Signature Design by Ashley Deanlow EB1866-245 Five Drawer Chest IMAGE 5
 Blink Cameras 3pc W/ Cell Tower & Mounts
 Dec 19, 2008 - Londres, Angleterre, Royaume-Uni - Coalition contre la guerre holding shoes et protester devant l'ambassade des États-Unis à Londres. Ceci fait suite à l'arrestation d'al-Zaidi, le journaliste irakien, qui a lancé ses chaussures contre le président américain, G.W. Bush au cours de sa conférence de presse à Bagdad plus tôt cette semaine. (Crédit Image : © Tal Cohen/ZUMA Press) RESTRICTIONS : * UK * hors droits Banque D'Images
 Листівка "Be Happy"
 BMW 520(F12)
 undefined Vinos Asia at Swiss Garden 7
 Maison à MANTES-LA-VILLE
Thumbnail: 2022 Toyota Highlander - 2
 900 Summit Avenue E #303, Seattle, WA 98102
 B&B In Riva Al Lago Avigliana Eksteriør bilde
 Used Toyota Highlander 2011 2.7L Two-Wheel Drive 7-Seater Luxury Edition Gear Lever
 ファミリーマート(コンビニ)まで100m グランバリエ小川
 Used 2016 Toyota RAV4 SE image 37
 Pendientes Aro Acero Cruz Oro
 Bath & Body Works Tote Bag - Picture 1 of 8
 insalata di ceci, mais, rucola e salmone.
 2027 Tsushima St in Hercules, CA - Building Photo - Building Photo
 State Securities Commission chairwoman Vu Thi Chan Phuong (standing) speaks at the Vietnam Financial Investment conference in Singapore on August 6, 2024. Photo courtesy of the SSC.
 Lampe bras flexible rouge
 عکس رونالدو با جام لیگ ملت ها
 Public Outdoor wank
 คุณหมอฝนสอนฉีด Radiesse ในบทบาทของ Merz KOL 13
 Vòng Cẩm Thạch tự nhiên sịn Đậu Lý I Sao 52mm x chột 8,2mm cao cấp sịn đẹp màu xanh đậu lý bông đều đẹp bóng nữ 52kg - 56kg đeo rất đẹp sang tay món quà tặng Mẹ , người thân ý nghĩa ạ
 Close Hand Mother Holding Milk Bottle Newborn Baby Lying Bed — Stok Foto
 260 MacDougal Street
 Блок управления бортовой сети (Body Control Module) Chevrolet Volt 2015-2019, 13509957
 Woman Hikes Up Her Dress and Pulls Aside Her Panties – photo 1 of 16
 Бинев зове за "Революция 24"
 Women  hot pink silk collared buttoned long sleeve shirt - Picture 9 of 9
■ ■ ■ ■ ■ ■ ■
# [EXERCISE DIRECTIONS]
Which lines in the listing above include the string "Used"? Copy each of them.

# [ANSWER SPACE]
 Used Toyota Highlander 2011 2.7L Two-Wheel Drive 7-Seater Luxury Edition Gear Lever
 Used 2016 Toyota RAV4 SE image 37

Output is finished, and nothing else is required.